**Goal of the exercise**
Beginning with the line that contains "PAKET HEMAT 9310", copy each subsequent line of the data below through the last one, including both ends but not the pictures.

**Provided material**

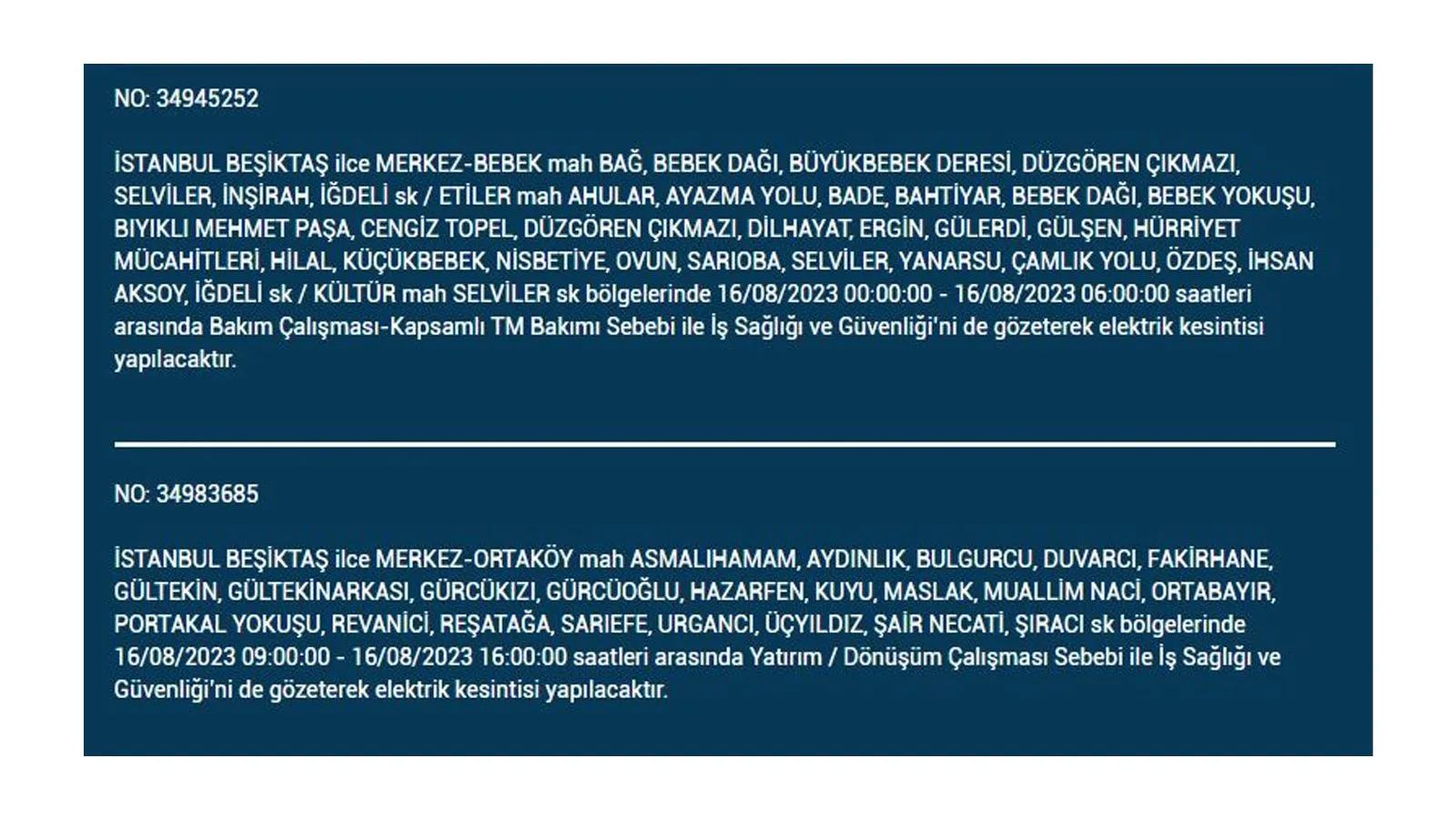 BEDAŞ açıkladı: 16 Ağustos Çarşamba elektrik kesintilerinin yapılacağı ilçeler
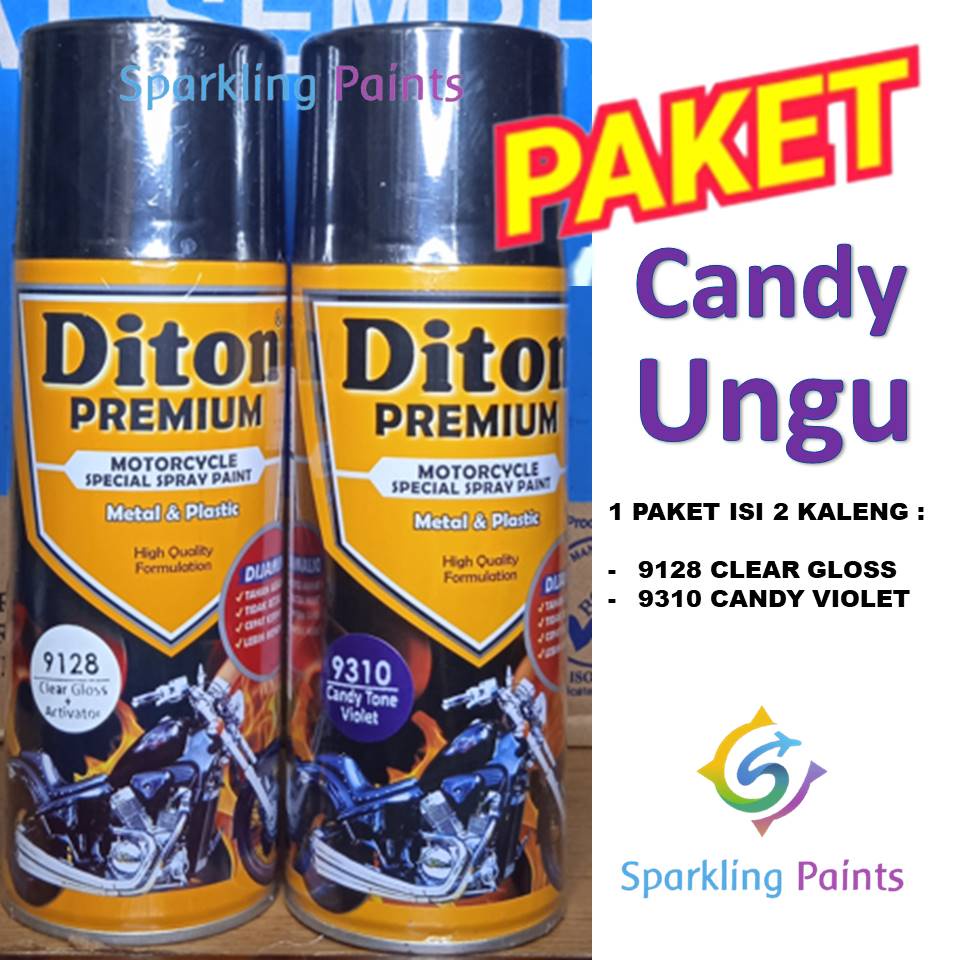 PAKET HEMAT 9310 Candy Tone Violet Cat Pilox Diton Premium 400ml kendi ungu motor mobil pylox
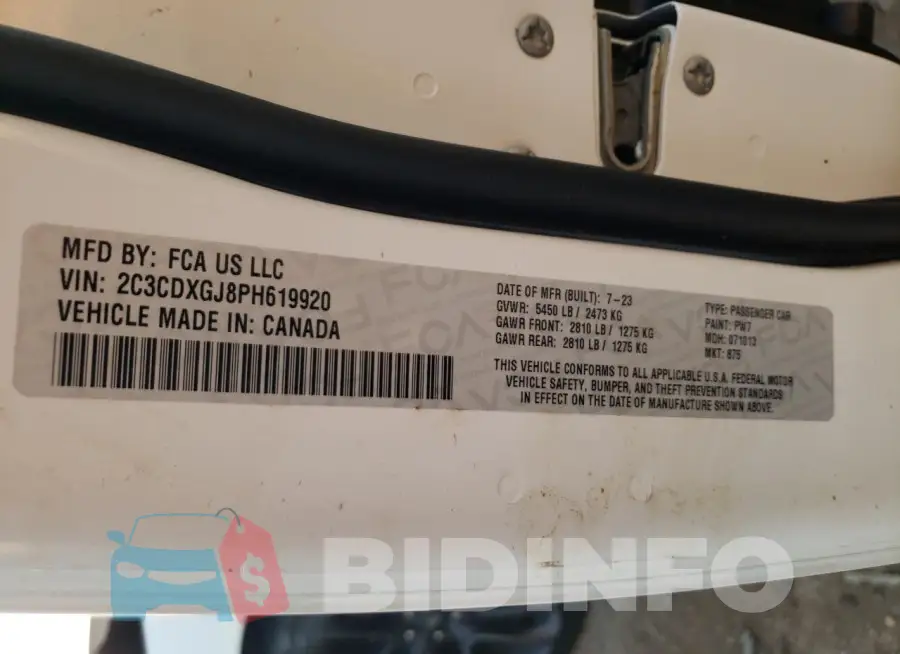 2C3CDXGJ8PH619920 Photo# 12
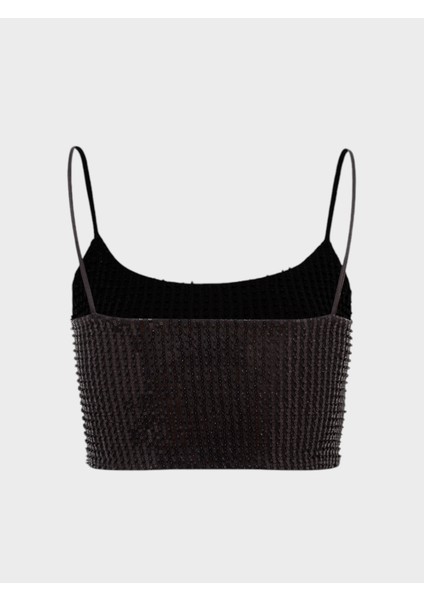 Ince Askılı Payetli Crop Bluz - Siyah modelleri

**Expected answer**
 PAKET HEMAT 9310 Candy Tone Violet Cat Pilox Diton Premium 400ml kendi ungu motor mobil pylox
 2C3CDXGJ8PH619920 Photo# 12
 Ince Askılı Payetli Crop Bluz - Siyah modelleri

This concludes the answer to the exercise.